MLB Attendance Time-Series Predictions

Many people who follow the MLB know attendance is down in 2018. The season will likely end with a year-over-year attendance decline of about 4.5%. Many people attribute the decline to fundamental changes in the game: less action caused by fewer home runs and more strikeouts (a topic for another blog).

The situation surfaces a number of natural research questions, two of which are: 1) was the drop in attendance foreseeable? and how rare is a 4.5% decline in attendance? Both questions hint at the concern Major League Baseball should have for the attendance slump.

Year-Over-Year Attendance Fluctuations

The chart below shows the year-over-year percentage change in attendance from 1970 – 2017. The largest peaks and valleys occurred around player strikes.

As we can see, attendance has been comparatively steady in recent years. However, the chart doesn’t show the nuance around the 0% mark. Over the past few years, attendance has dropped slightly year-over-year.

  • 2013: -1.1%
  • 2014: -0.38%
  • 2015: -0.03%
  • 2016:  -0.76%
  • 2017: -0.66%

Rareness of 2018 Drop in Attendance

Based on the probability density function, we see that many year-over-year attendance changes hover around 0%, though some variation exists.

The cumulative distribution function shows a 4.5% drop in attendance is unusual, occurring in less than 15% of seasons. (Some of the seasons with large drops occurred during strikes, essentially making the 4.5% decline more rare).

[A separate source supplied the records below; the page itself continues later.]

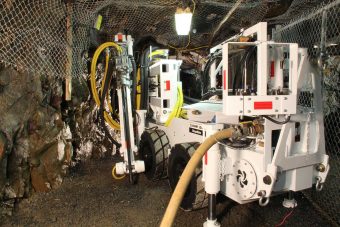 Stopemate underground mining S36 rock drill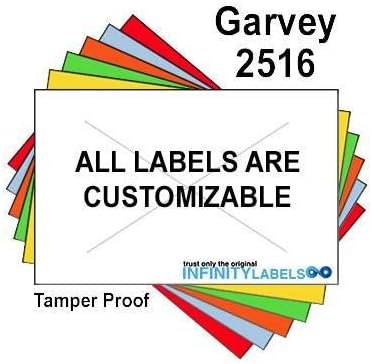 160,000 Garvey 2516 Compatible Orange General Purpose Labels for G-Series 25-88, 25-99, 25-5 and 25-10/10 Price Guns. Full Case + 20 Ink Rollers. with Security Cuts.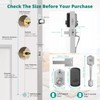 AkaGear Keyless Entry Door Lock with Handle Set - Fingerprint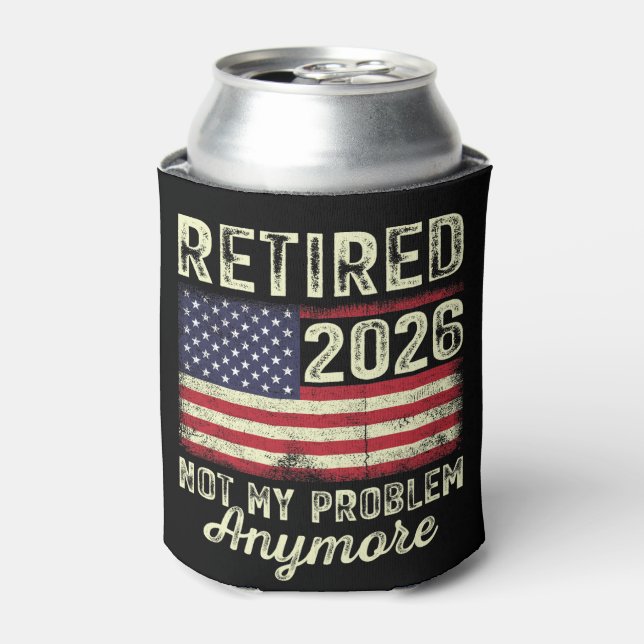 Rentner 2026 Nicht Mein Problem Mehr Dosenkühler (Kanne Vorderseite)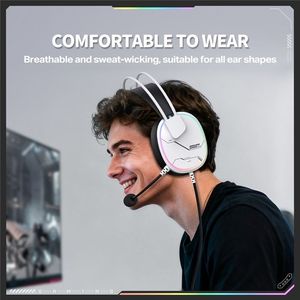 ONIKUMA X91 game headset, wired earphone, RGB LED light effect with microphone, suitable for <b>PC</b>/PS5/games - Product Image 6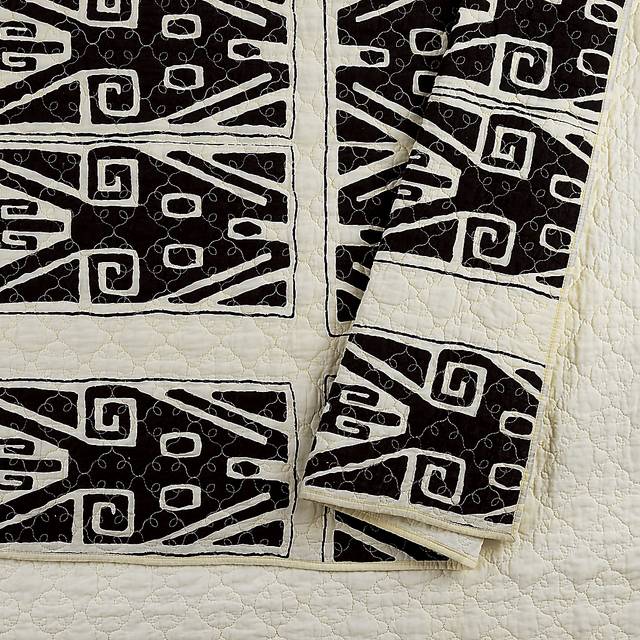 Waldin Black Full/Queen 3 Pc Quilt Set - Thumbnail - Image 4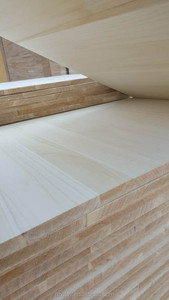Madera de pino Paulownia/madera precios para hacer tabla de Snowboard monopatín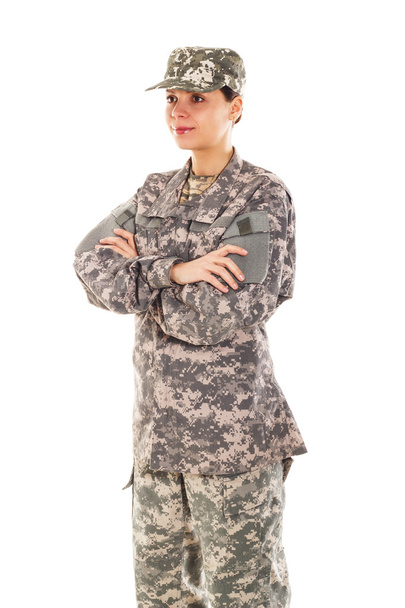 Soldaat in het militair uniform - Foto, afbeelding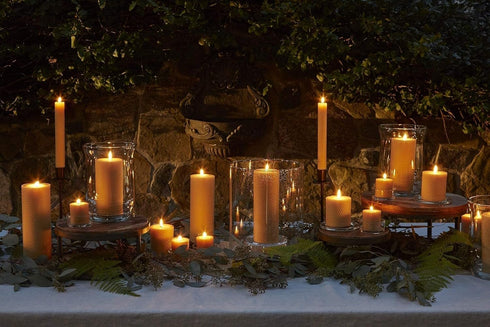 Hand-Rolled Beeswax Votive Candles 4pk - By Little Bee of Connecticut...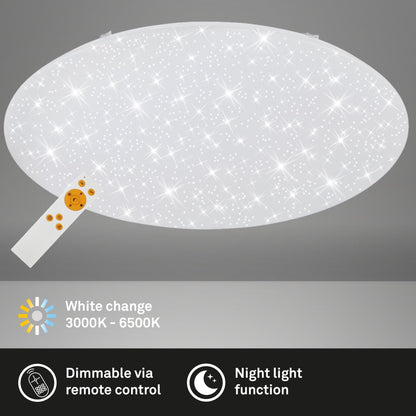 BRILONER LED Deckenleuchte 80cm - dimmbar warm-kalt Weiss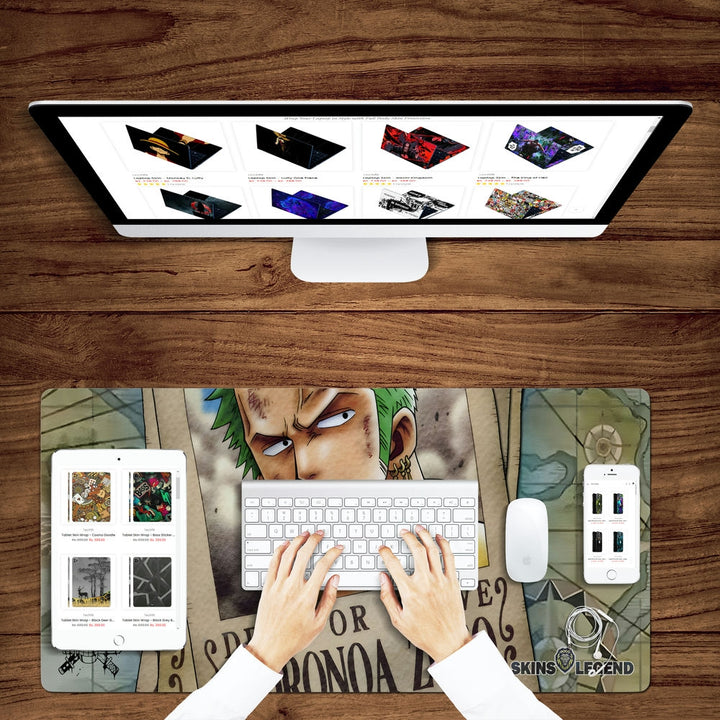 Anti-Slip Desk Mat Gaming Mouse Pad - One Piece Roronoa Zoro RZ12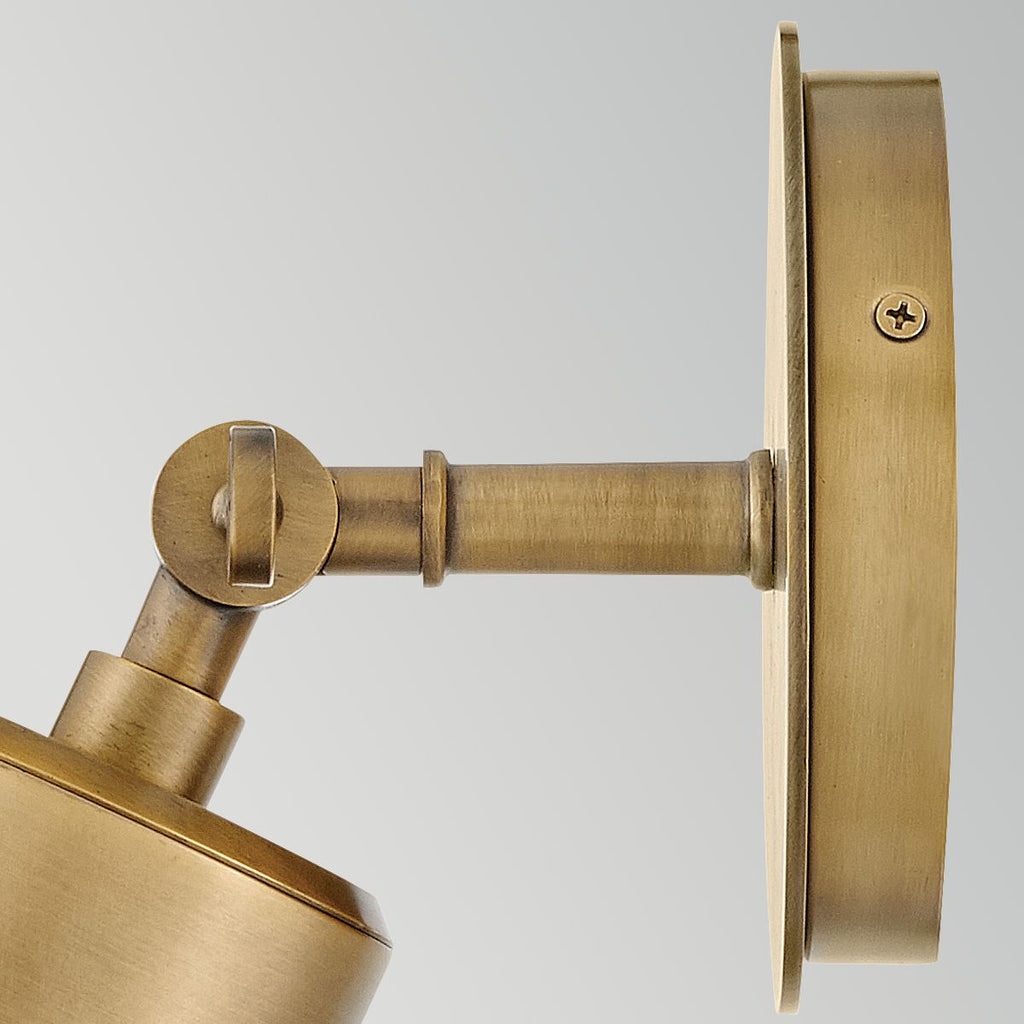 HK-PRATT-1LT-SPOT-HB Pratt 1 Light Outdoor  Spot Light Heritage Brass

Time-Series Analysis of Attendance

According to the Dickey-Fuller test, the year-over-year percentage change in attendance is stationary, meaning we can run a time-series model on it without transformation. The below chart shows the the autocorrelation of the time series, which is how correlated a value is with past values of itself. As we can see, percent change in attendance only has a statistically-significant correlation with the most recent lag.

Due to low autocorrelation, noise, and a recent lack of strong fluctuation, this time series is difficult to predict. I tried multiple approaches, including ARIMA, LSTM, and Prophet (which uses GLMs under the hood, I believe). I trained on 1970 – 2014 and used 2015 – 2018 as my validation set.

ARIMA performed best, but it still did not quite capture the recent attendance declines. For example, the model predicted a 0.15% increase in 2017 when attendance actually declined by 0.66%. Likewise, the model forecasted a 0.10% bump in attendance in 2018, though we know that won’t be the case.

What can we conclude? 1) The 2018 decline in attendance is comparatively rare. 2) The downtown did not appear to be highly foreseeable, indicating some exogenous change (i.e. perhaps the change in style of play).